*Exercise prompt*
Your copy should begin with the line containing "Capota Original Tecido", end with the line containing "WHITE FEATHER DIFFUSER", match the listing below exactly, and contain no pictures.

*Record extracts*
--- START ---

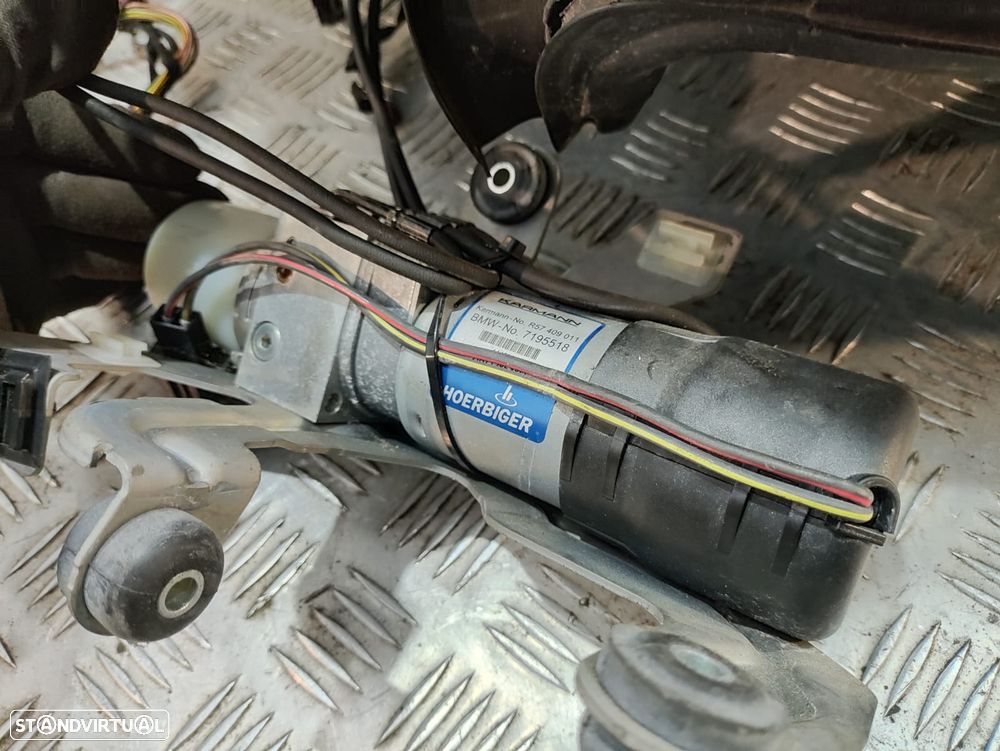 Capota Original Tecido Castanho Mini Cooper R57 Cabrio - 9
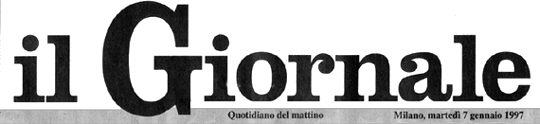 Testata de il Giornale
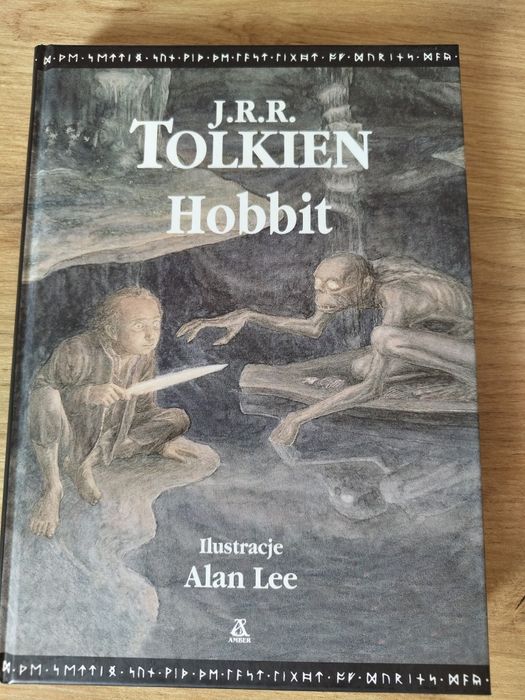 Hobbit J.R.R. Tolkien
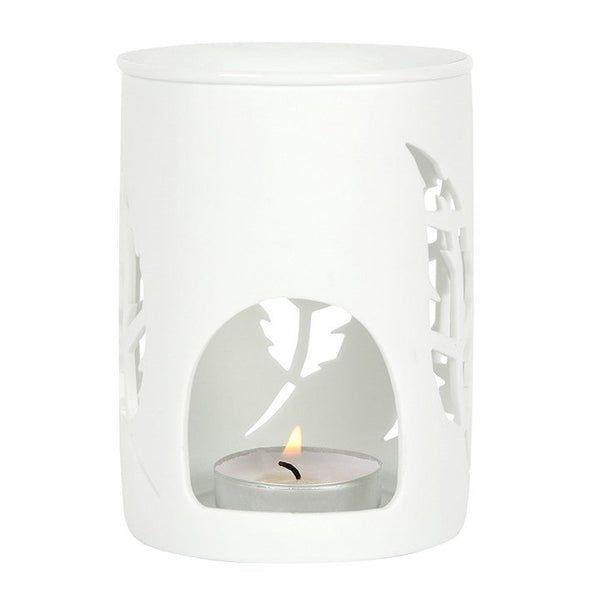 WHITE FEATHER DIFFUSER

--- END ---
--- START ---

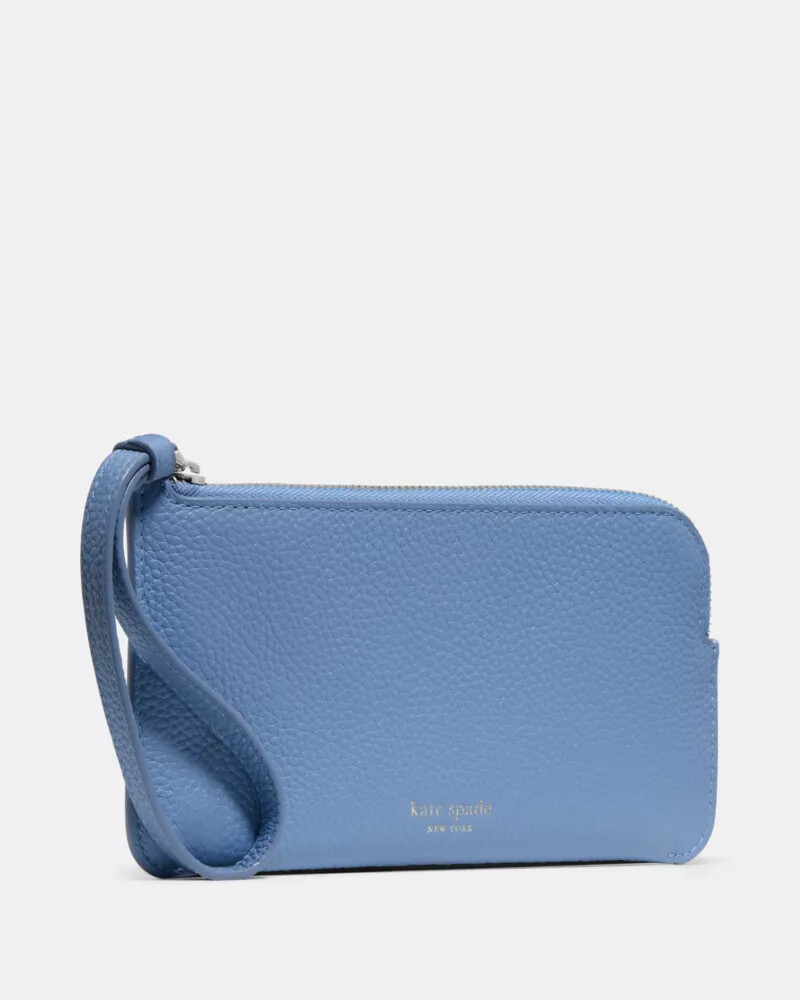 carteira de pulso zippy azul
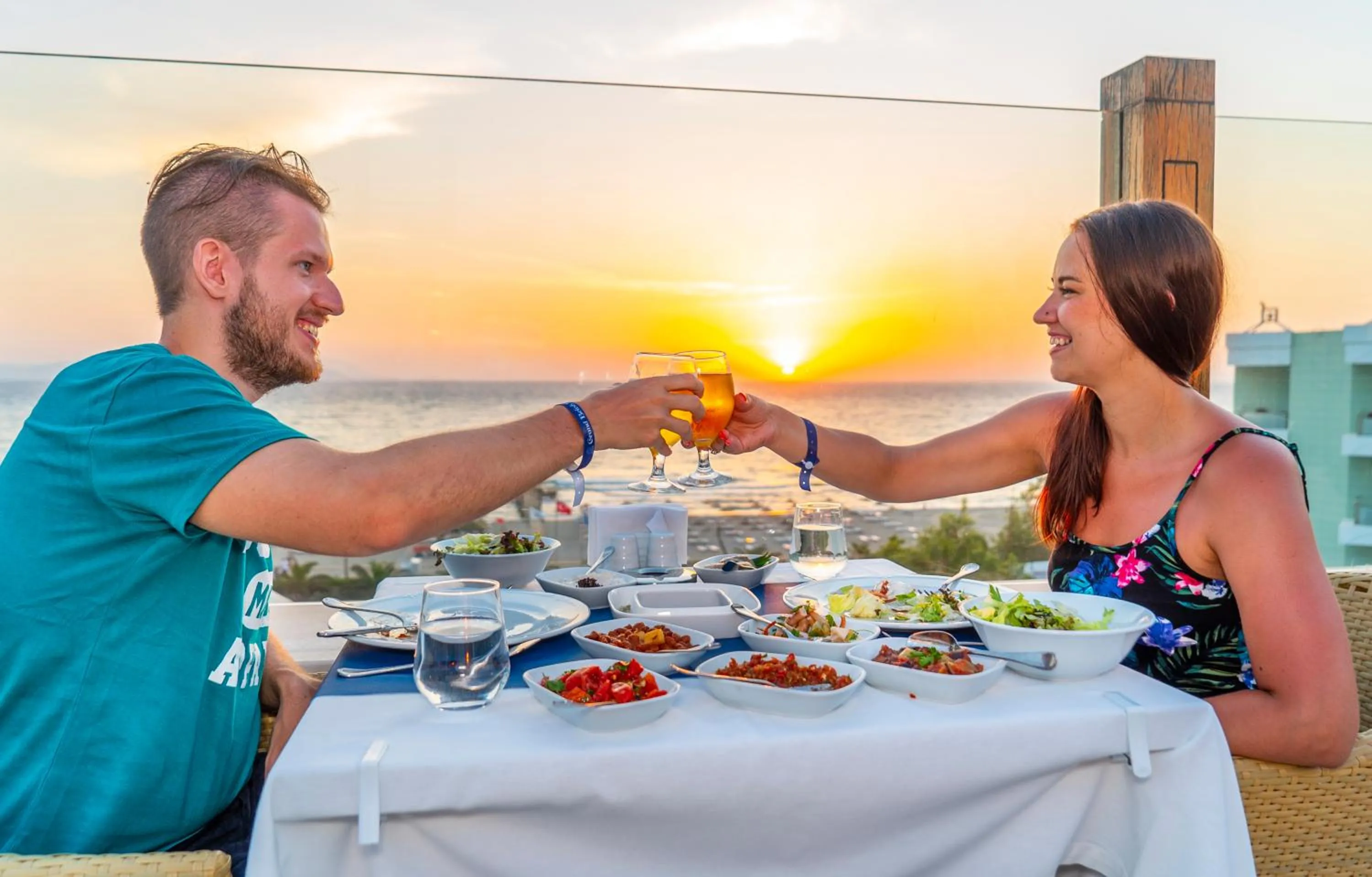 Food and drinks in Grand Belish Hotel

--- END ---

*Your solution*
 Capota Original Tecido Castanho Mini Cooper R57 Cabrio - 9
 Testata de il Giornale
 Hobbit J.R.R. Tolkien
 WHITE FEATHER DIFFUSER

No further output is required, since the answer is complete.